Igual hemos vivido otras muchas eventualidades sobre las que podremos estar en mayor o menor desacuerdo (como el reincidente despilfarro hábilmente camuflado de un espectáculo taurino cuyo coste supera con creces, según mis cálculos, la suma del presupuesto destinado al efecto con la cifra resultante de las entradas vendidas). Compartimos con el resto de la ciudad el exiguo espectáculo de inicio de la celebración, fuegos artificiales. Exhibición sacada adelante tan de “aquella forma” tras el debate entre las partes en disputa que olvidaron los daños colaterales; las damnificadas: la empresa obligada a cumplir con el compromiso y las miles de parejas de ojos dirigidos al cielo en busca de ese “algo” que ni se realiza ni se muestra con verdadero sentido.

No puedo decir mucho del resto de actos de la Fiesta. Que me atreví con el desfile de Nuevos Cargos y ya envalentonado (y vendido por circunstancias ajenas a mi agenda) afronté el desfile de la Entrada casi en su totalidad. Pero eso es otra historia y si bien les puedo asegurar que no acudí ni a ver entrar ni a ver salir las más de tres toneladas de carne viva (antes), muerta (luego), tengo que recordarme y recordarles que de lo que he venido a hablar aquí es de mis vacaciones.

Si los coches cuentan los años como los perros o los gatos, diría que nuestro Astra se deslizaba en dirección Sur como un mastodonte octogenario sobre el asfalto. Y aunque soy un completo ignorante en cuanto a lo que a Andalucía se refiere, es cierto que unas veces por trabajo, otras por estudios y otras por sumisión a la decisión de la mayoría, en más de cuatro ocasiones me he visto en sus tierras. En esta ocasión veía como el viejo Astra dejaba atrás la Murcia de mis amores para adentrarse entre montañas que se habían sabido buscar un hueco entre los paisajes del western y entre mares de plástico capaces de insuflar vida a aquellas castigadas tierras.
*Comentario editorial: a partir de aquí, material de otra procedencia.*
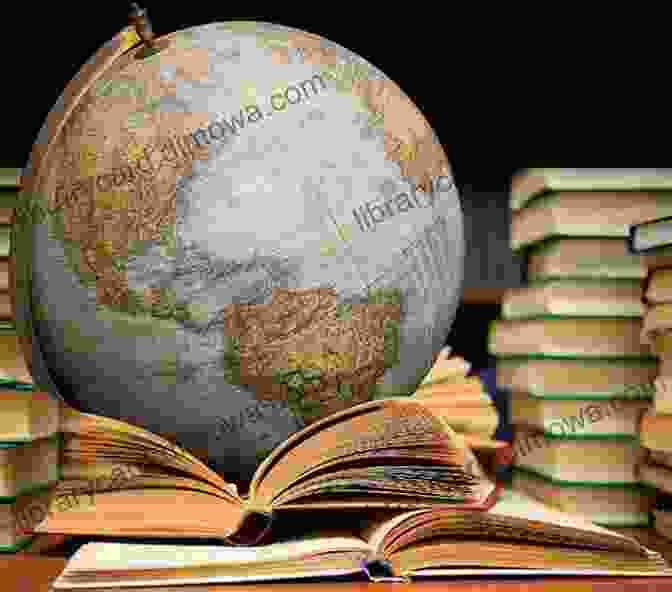 General Knowledge Book With Globe And Books HISTORY SCIENCE GENERAL KNOWLEDGE BOOK: WORLD WIDE HISTORY SCIENCE GENERAL KNOWLEDGE QUESTIONS AND ANSWERS (1)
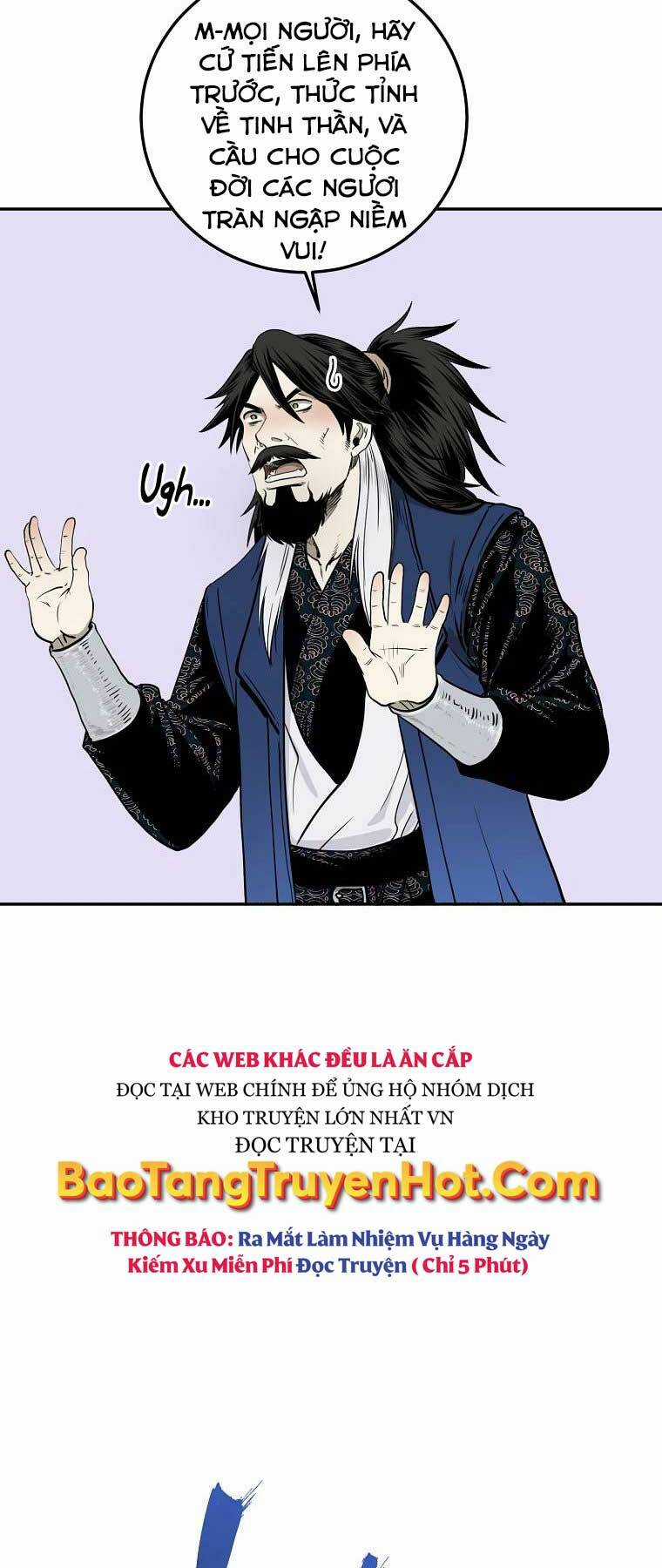 Ma Nhân Hoa Sơn - Chapter 5 - Trang 30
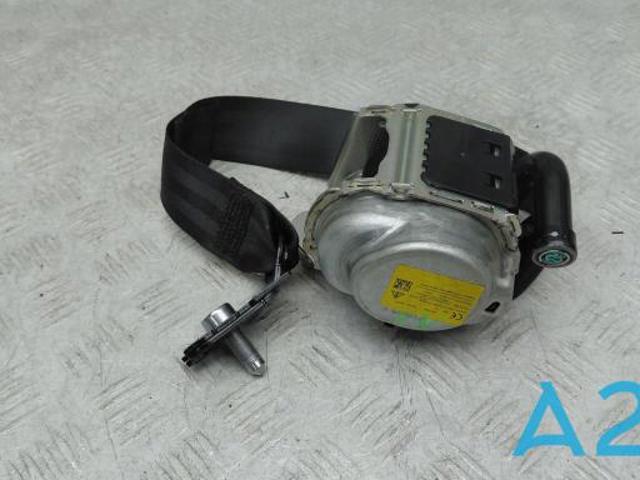 Ремень безопасности задний левый 8W6857805GV04 VAG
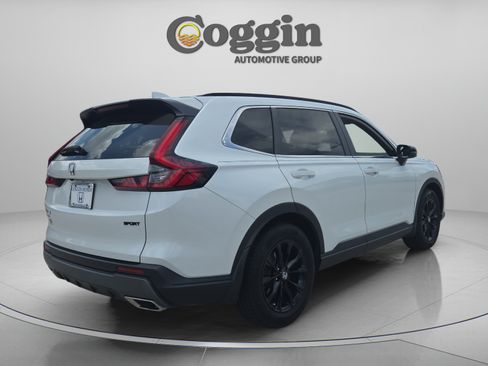 Used 2023 Honda CR-V Sport image 5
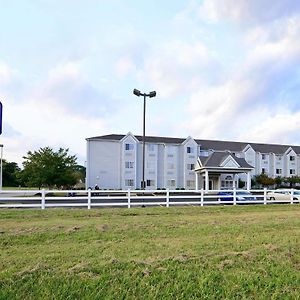 America'S Best Value Inn And Suites - Jackson Exterior photo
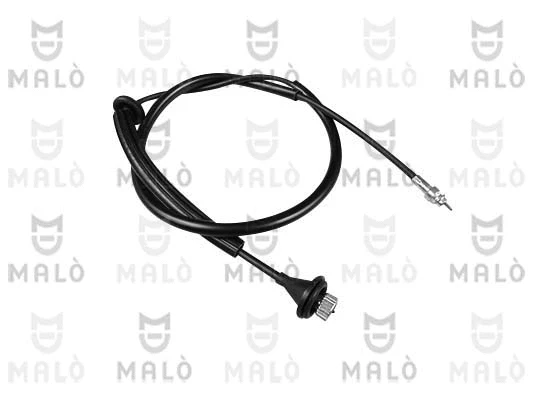 Câble flexible de commande de compteur AKRON-MALÒ 25239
Tras ellos estaba nuestro destino: Mojácar. Un conjunto de blancas construcciones cobijadas entre las montañas. En realidad la dirección de la agencia nos condujo a un complejo hotelero que aunque estaba más cercano a las playas carecía de cualquier identidad y/o vida “real”. De Mojácar pueblo tendríamos algunas cosas que destacar: la belleza de sus calles, sus edificaciones, su gusto por el detalle, la decoración y la ambientación, su aire bohemio y embriagador; pero también su descarada intencionalidad turística: precios en hostelería y “complementos” –el fatigoso índalo–, así como otros detalles que está feo nombrar en un relato turístico.
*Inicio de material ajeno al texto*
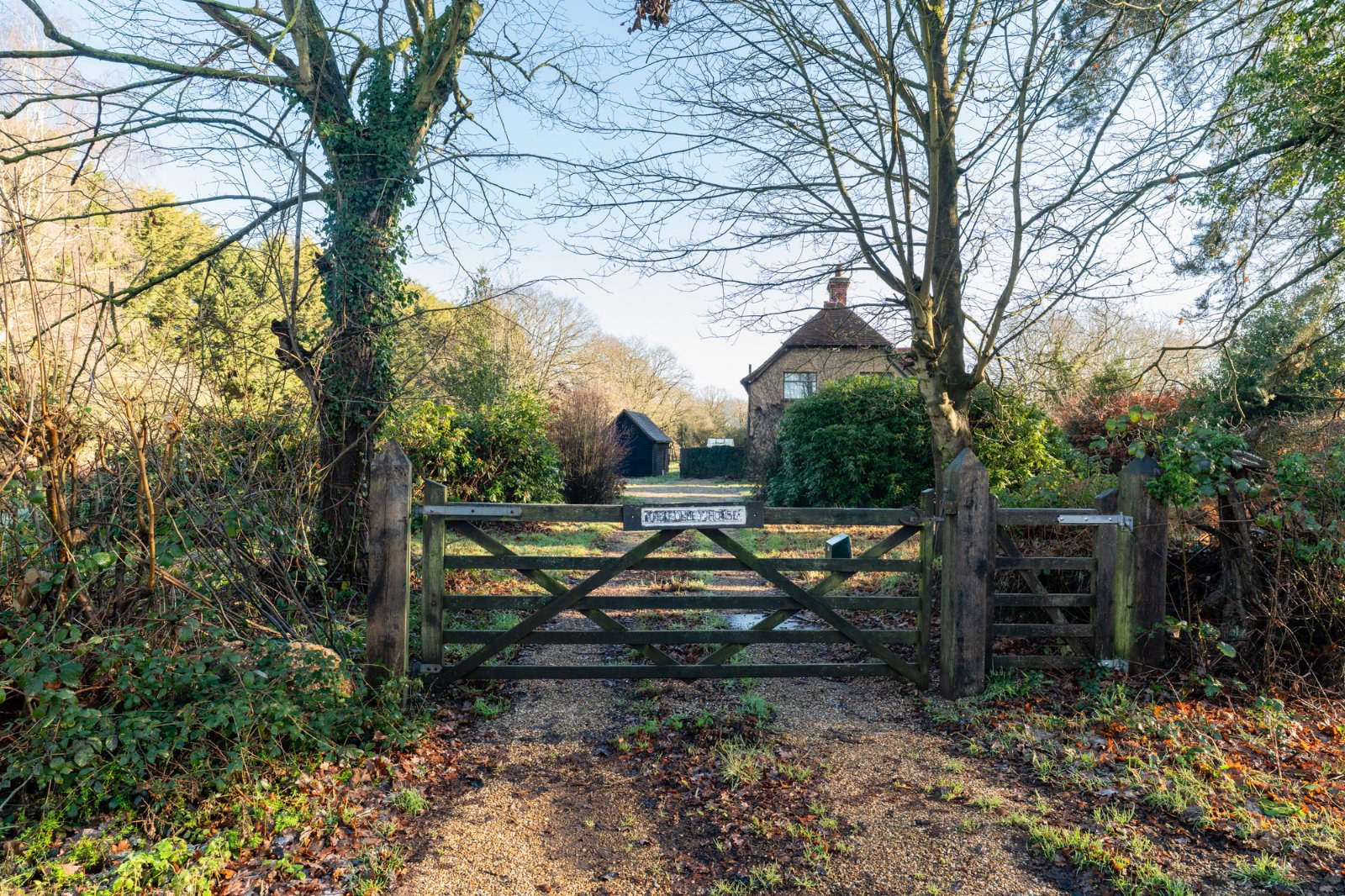 The Folley, Layer de La Haye, Colchester, Essex, CO2, photo 4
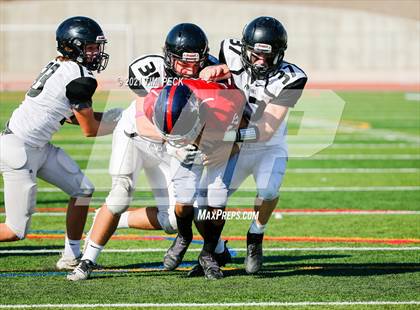 Thumbnail 1 in Foothill @ Yorba Linda photogallery.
De Mojácar playas destacaría la suavidad con que el mar lame la arena –más bien las redondeadas y brillantes piedrecillas de todos los colores– y sus aguas cristalinas, limpias de “vegetales”. En la zona, gracias al gusto de Inma por el lounge, saboreamos con gusto varios atardeceres al ritmo de las pintas y del refrescante sonido chillout a bordo del Maui o del impresionante Mandala –locales que no termino de averiguar si también serán pasto del plan anti-chiringuito del Gobierno–.
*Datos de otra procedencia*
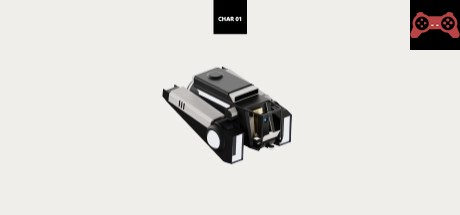 CHAR01 VR System Requirements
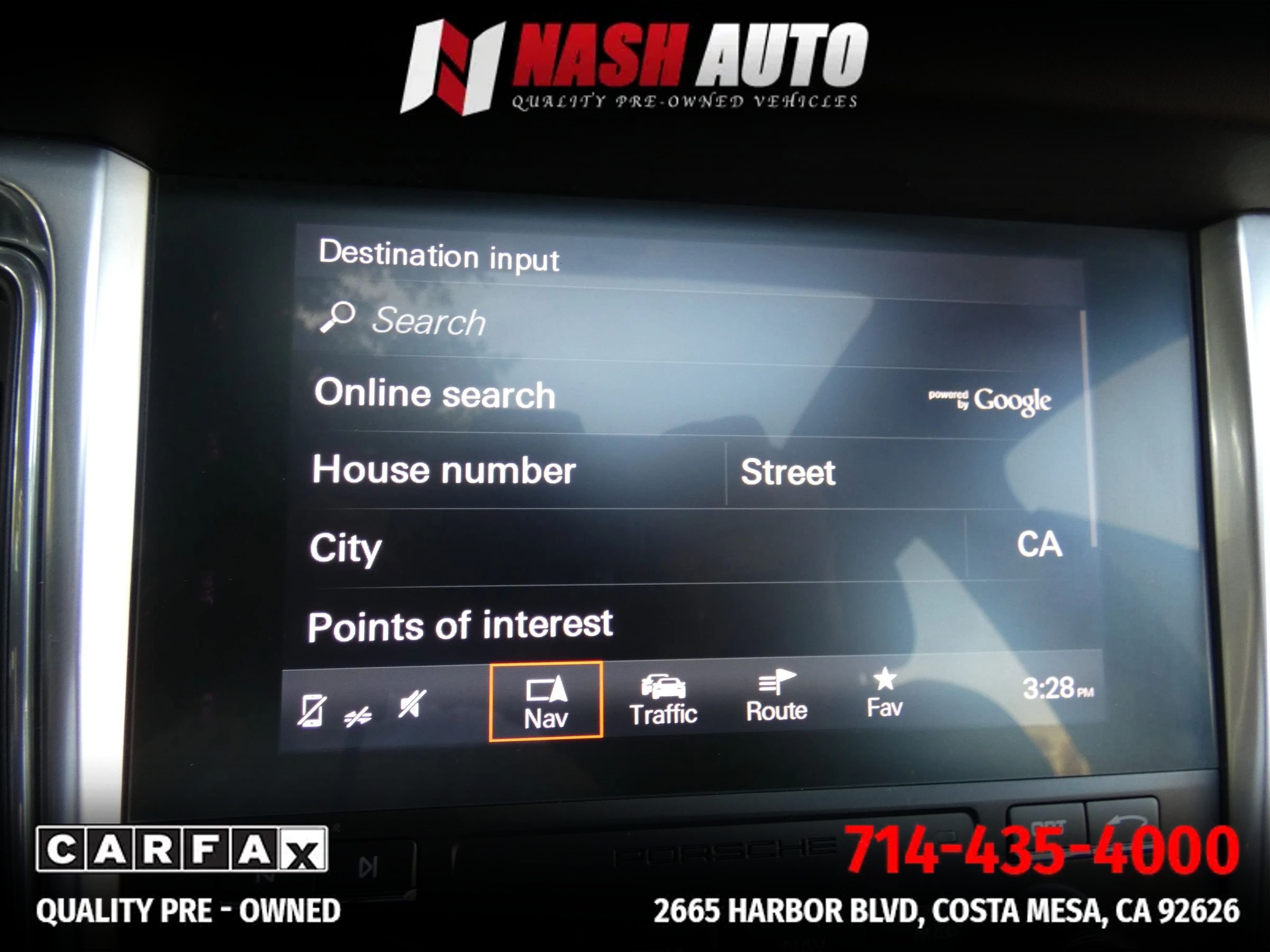 Used 2018 Porsche Macan GTS AWD/4WD image 58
En cuanto a nuestras incursiones por la zona encuentro breves anotaciones en mi diario: una sobre las instalaciones de juegos infantiles en un parque de Garrucha, apunto que el parque es creativo, divertido y diverso, veo que no es tan difícil (ni costoso económicamente) proyectar una zona similar y abro un interrogante sobre la posibilidad de tener algo igual en Villena, y cuándo y dónde. Las Negras se resuelve en un desplazamiento confuso y excesivamente largo. El cielo no acompaña: no llueve pero las nubes cubren el sol y el viento de Almería no perdona. Una vez allí no nos molestamos en explorar demasiado. Llamo a Jero y nos encamina rápidamente hacia San José, playas de Monsul y Genoveses. Nos quedamos en esta última. Es contundente, llena el alma, pero el clima sigue jugando en contra. Volvemos a casa. A aquella casa nuestra. Comemos en el Candilejas del pueblo y bajamos a tomar una copa al Mandala de la playa.